Recorded information
>>>>
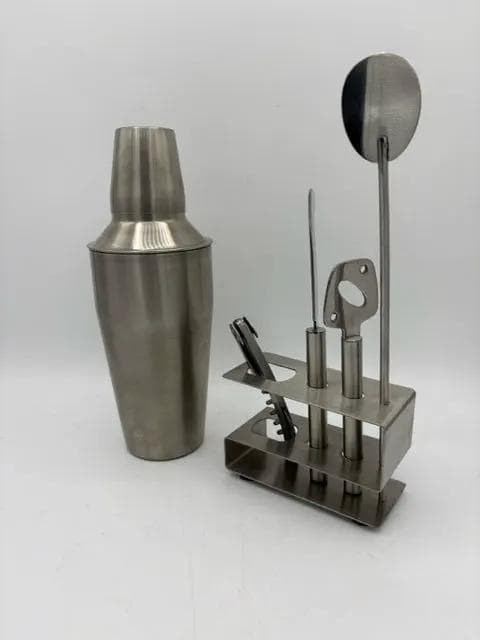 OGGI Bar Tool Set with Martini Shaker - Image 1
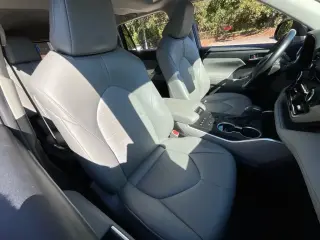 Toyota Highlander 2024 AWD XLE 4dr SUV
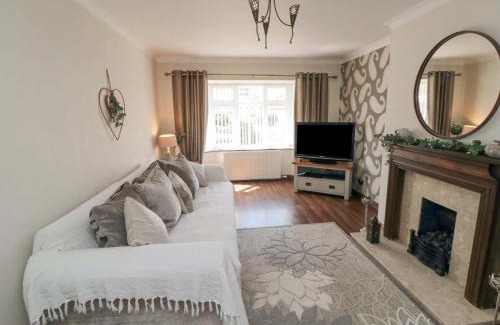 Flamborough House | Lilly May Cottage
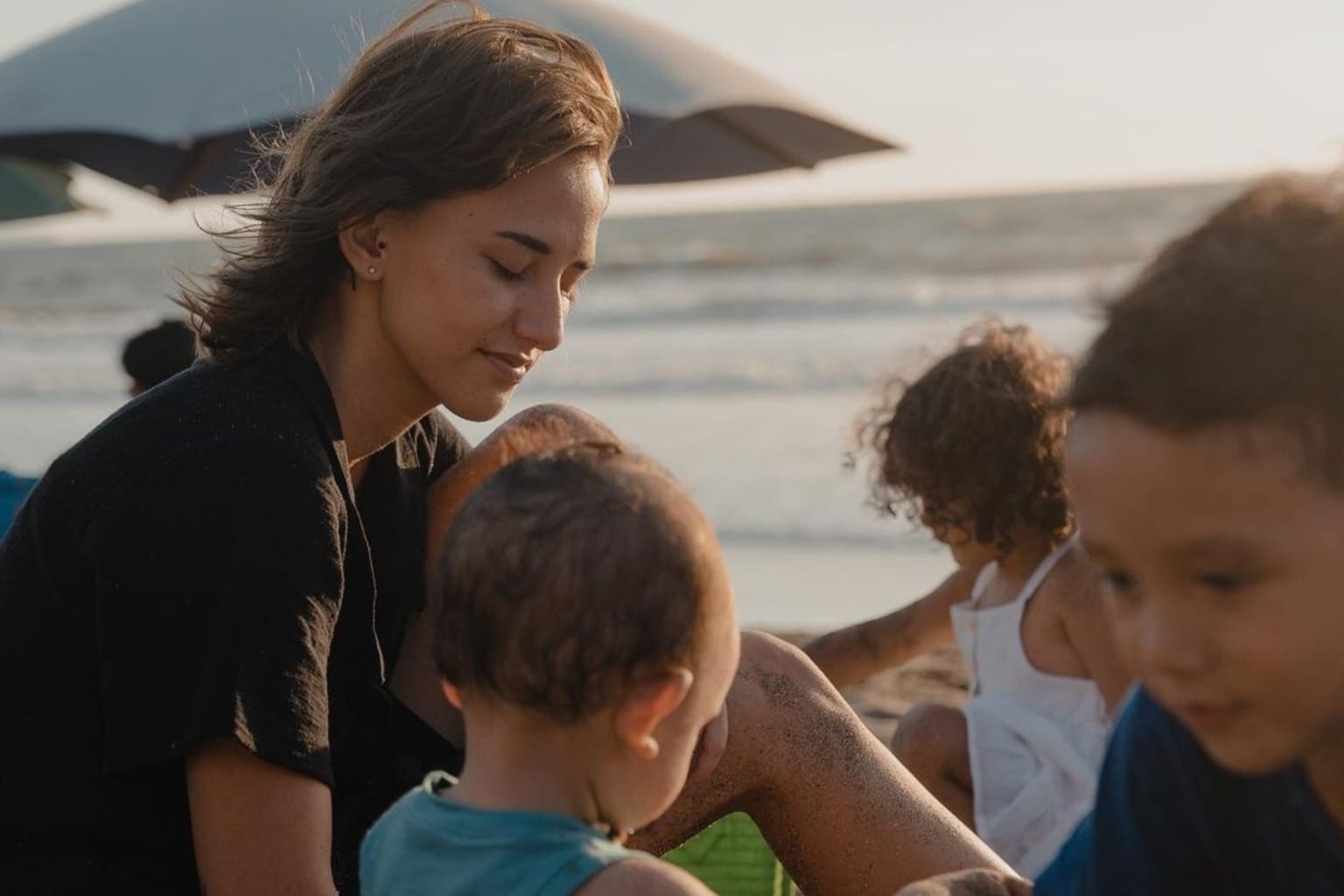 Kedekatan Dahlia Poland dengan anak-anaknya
<<<<
What is being asked
Each line from the one containing "Flamborough House | Lilly May Cottage" through the end of the listing is to be set down exactly, with all pictures left out.

Solved problem
 Flamborough House | Lilly May Cottage
 Kedekatan Dahlia Poland dengan anak-anaknya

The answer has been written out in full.